Giving and receiving help is part of our healthy relationships with each other. Being able to give but not take is as limiting and damaging as being able to take but not give. Allowing someone to help you makes them feel good. You might have done it with youngsters, who enjoyed ‘helping’ you with tasks. Well, you can do the same in your grown-up life, but without the element of pretence.

Gender-blind acceptance

Imagine that you, a person of female gender, are travelling on a crowded bus, tube, train, whatever. You are standing because all the seats are taken. You may or may not be obviously pregnant, be laden with packages and parcels, be young, be not so young, be wearing knock-them-dead heels or be wearing sensible flatties. The details are not important. A person of male gender offers you a seat.

Now there are a number of possible responses. You might think one or more of the following:

  • Do I look as if I can’t stand up?
  • I must be looking really old. Better get a new lip gloss.
  • How patronising.
  • Why did he pick on me?
  • Hasn’t he heard of equality?
  • Is this why we fought for the right to vote and own our own houses?

Before we continue, let’s pause and hope that you did not actually say any of the above. But your rejection of the offer, however you put it, may sound abrupt and dismissive. The consequence of this is that the person may feel rebuffed and decide not to make that kind of offer in the future. The result is a little blow to the cause of human connection, a little dent in the confidence we need to help us interact generously and thoughtfully.

On the other hand, you could recognise that someone, a fellow person, is being a thoughtful, kind, human being, and say thank you. The consequence is a boost for human interaction, and the result could be more far-reaching than you will ever know.

And just imagine that there travelling right beside you is a young person, one who is just finding his way in the world of grown-up communication. What a good model this positive encounter will provide for our YP, who will see that offering and accepting help graciously enhances our public lives and relationships.

Acknowledge small public courtesies

The same principle can apply when someone opens a door for you, or moves out of your way in the street or corridor. People who make these gestures of consideration are showing sensitivity to the rhythms and waves of movements in shared spaces.

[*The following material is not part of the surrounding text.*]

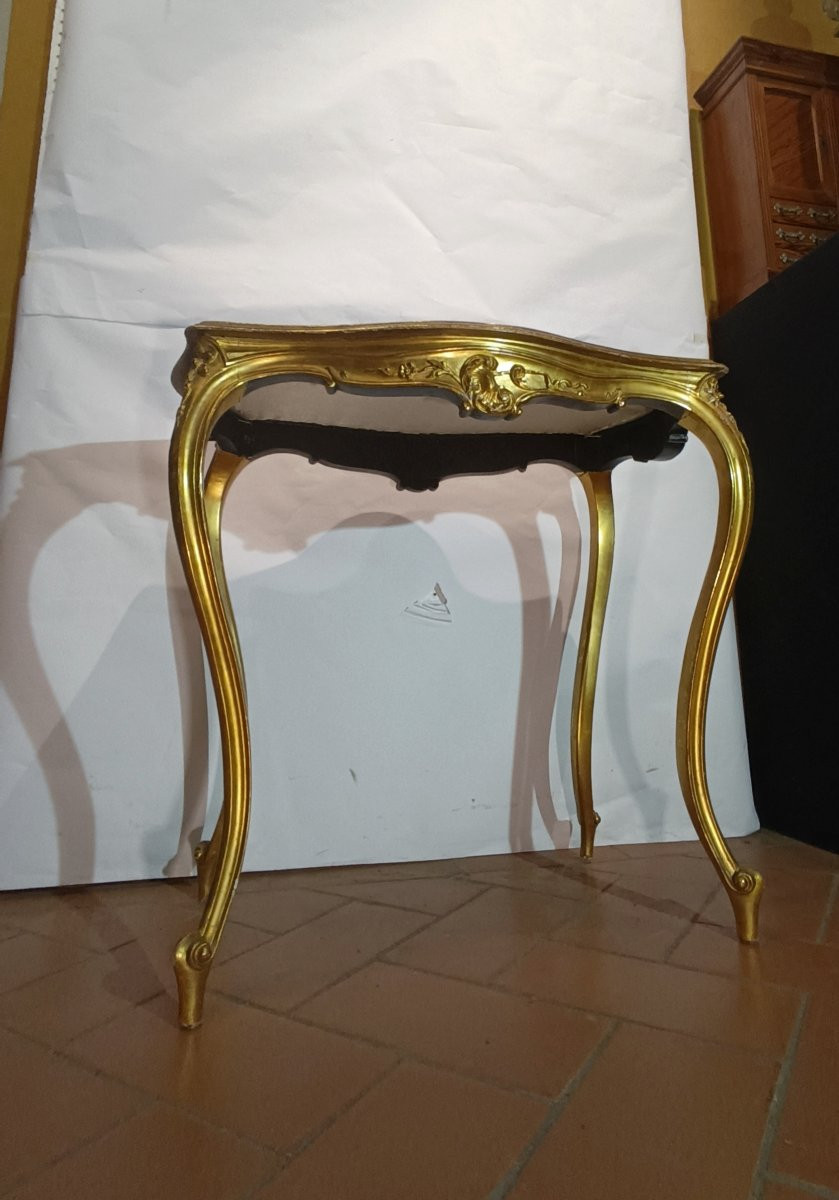 TAVOLINO IN LEGNO DORATO IN STILE LUIGI XV META' XIX SECOLO -photo-2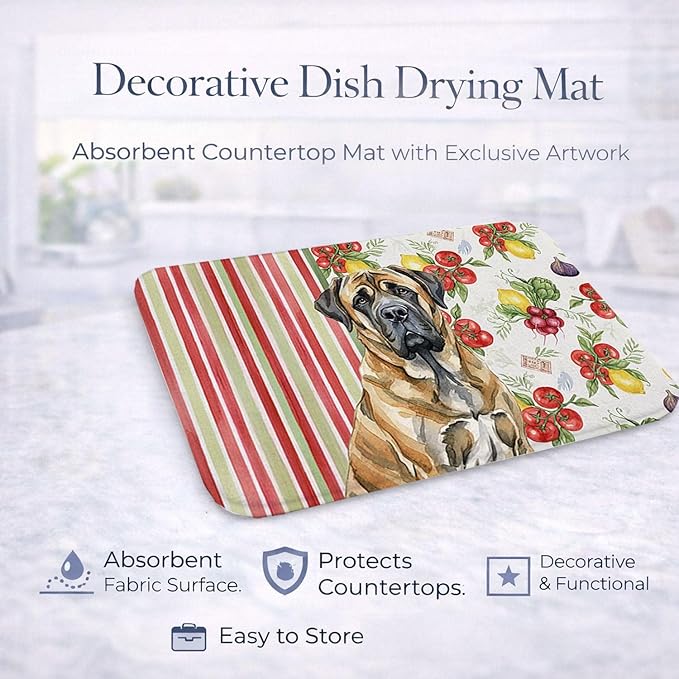 Caroline's Treasures Brindle English Mastiff Vegetables Dish Drying Mat Absorbent Dish Drying Mat Pad for Kitchen Counter Dish Drainer Mat for Countertop 14 x 21 Multicolor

There is no rule that says you have to hold the door open as you leave a shop, for example, so that the person right behind you can come through. There is no rule that says you have to move out of the way if you are walking much more slowly than the person behind you. But it’s nice when people do these things. And it’s nice to thank them.

The first thing is to notice it, to be aware of the actions of those who share our space, if only fleetingly. The second thing is to acknowledge the gesture. You could say thank you, you could give a brief smile and a nod. These are the little interactions which oil the wheels of communication.

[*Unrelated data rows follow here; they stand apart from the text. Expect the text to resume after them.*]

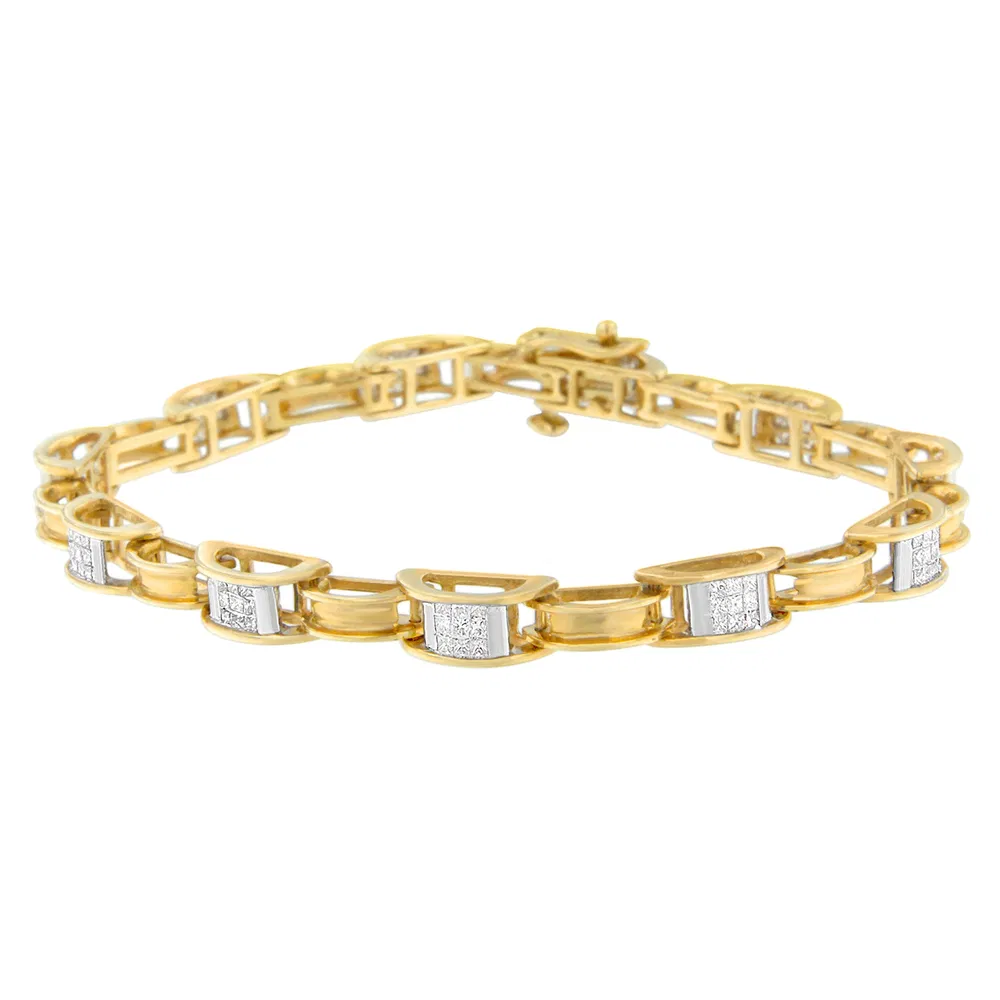 14 Karat gelbes Gold Princess Cut Diamond Chain Link Armband (1.00 cttw, H-I Farbe, SI1 - SI2 Klarheit)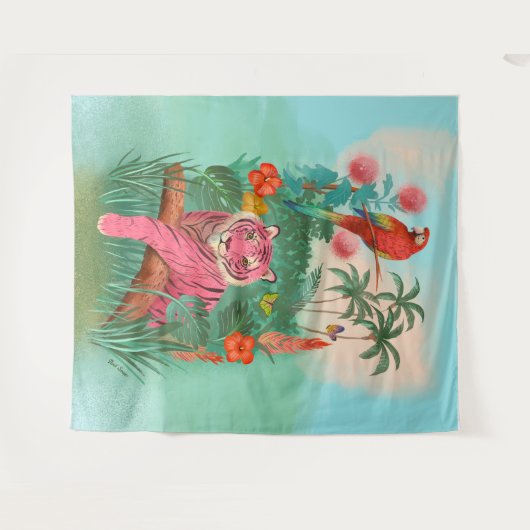 Roze Tijger en Papegaai Tropisch Oerwoud Groot Wandkleed (Voorkant (horizontaal))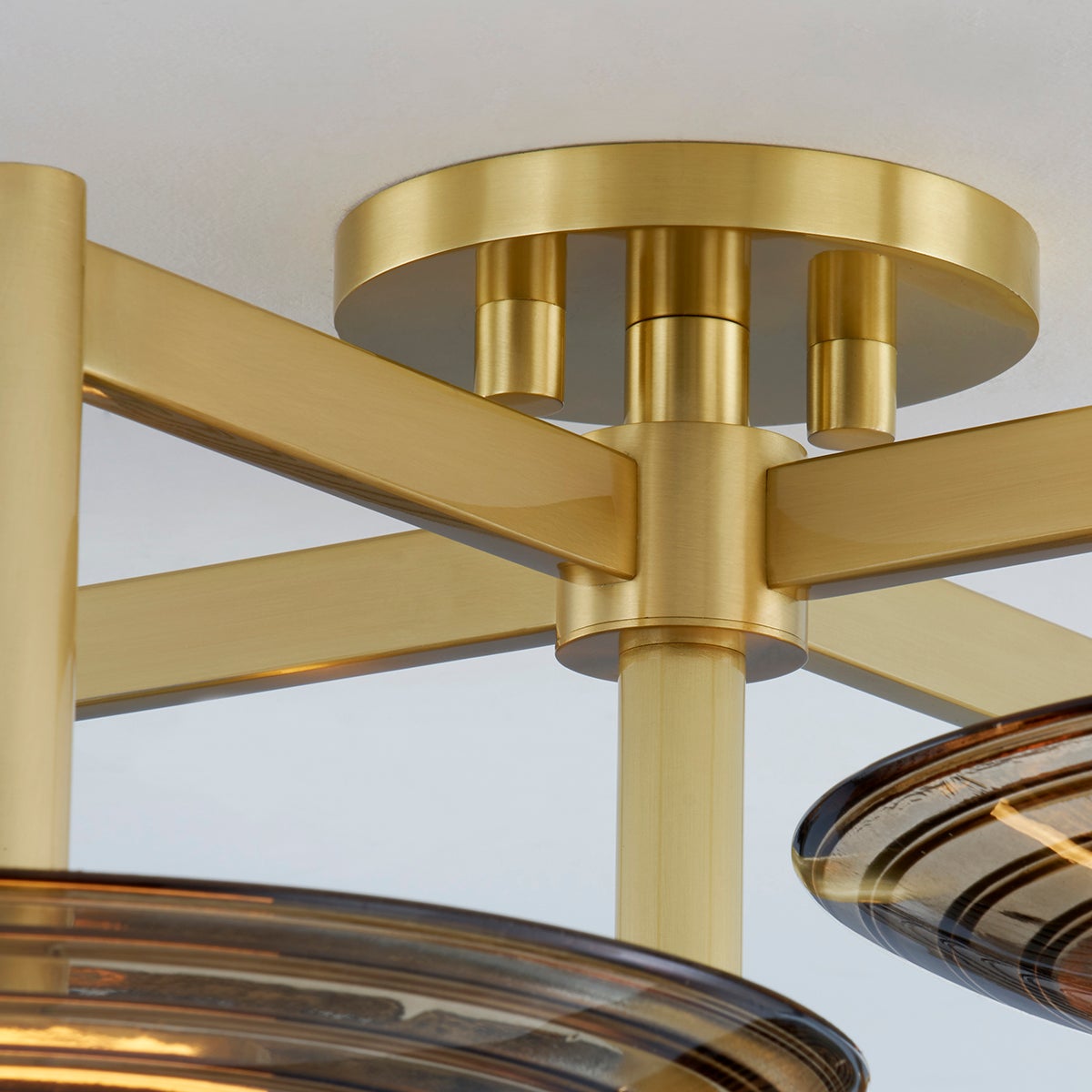 Griston Semi Flush 28" in aged brass — a Hudson Valley close-to-ceiling for hallways, bedrooms, and entryways at Laurie Yapp Home.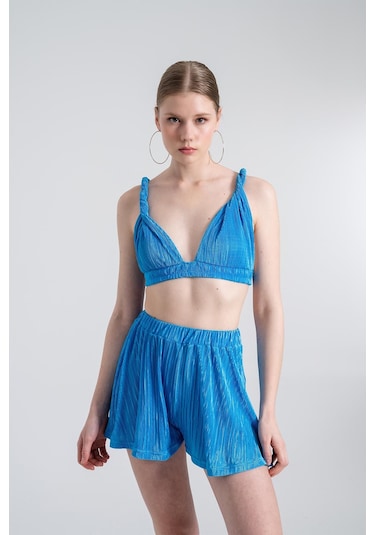 Holly Lolly Beli Lastikli Mini Comfy Şort Mavi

How to turn down an offer of help

  • Assume that the offer is genuine and that the person has no intention of belittling or criticising you.
  • Thank them for it.
  • Say something like:
  • I appreciate the offer, but I won’t be taking it up right now.
  • Thanks for offering, but I’m happy with the arrangements I’ve made.
  • Not now, thanks, but I’d like to come back you if/when…
  • That’s a nice offer, but I feel it’s all in hand.
  • Thanks, but no.
  • Smile.
  • Speak in a friendly tone.

How to deal with a dodgy offer of help

You might spot a hidden agenda behind the offer. Someone might be trying to shake your confidence in your own ability, or have some other ulterior motive.

Call their bluff by asking why they think you need help:

Thanks, but I think I can finish it/pay for it/do it/arrange it by myself. (Pause) What is it that makes you think I can’t?

Lean on me, said Bill Withers. Lean on me when you’re not strong, for it won’t be long till I’m gonna need somebody to lean on. You got it, Bill.